Une espèce disparue depuis les années 1930
Les experts estiment que le dernier puma de l’Est a probablement disparu dans les années 1930, victime de la chasse, de la destruction de son habitat et de la raréfaction de ses proies naturelles. Malgré des centaines de signalements au fil des ans, aucune preuve scientifique n’a confirmé son existence. Cette absence de données a conduit les autorités à acter sa disparition définitive.
La fin d’une protection légale
Le puma de l’Est figurait depuis longtemps sur la liste des espèces menacées. Mais puisque les espèces éteintes ne peuvent bénéficier de mesures de conservation, il a été officiellement retiré de cette protection. Ce geste administratif marque symboliquement la fin d’un chapitre, confirmant que ce prédateur mythique ne reviendra plus naturellement dans les forêts de l’Est américain.

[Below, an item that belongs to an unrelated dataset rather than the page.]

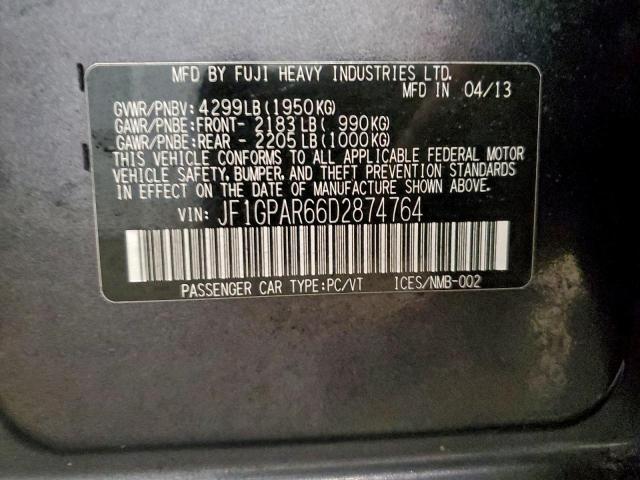 Subaru Impreza Sport Limited Image 8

Des félins venus de l’Ouest, mais pas de retour durable
Si des pumas sont encore aperçus à l’Est des États-Unis, il s’agit en réalité d’individus isolés venus de l’Ouest ou issus d’animaux relâchés en captivité. Ces apparitions ne suffisent pas à constituer une population stable et ne changent rien au constat d’extinction du puma oriental. L’espèce, en tant que sous-groupe distinct, est bel et bien perdue.
Faut-il réintroduire le puma ?
Cette disparition relance un débat écologique : faut-il réintroduire des pumas dans l’Est de l’Amérique du Nord ? Pour certains défenseurs de la nature, restaurer un grand prédateur permettrait de rééquilibrer les écosystèmes, notamment face à la surpopulation de cerfs qui menace la régénération des forêts. D’autres s’interrogent sur la cohabitation possible entre ces félins et les populations humaines.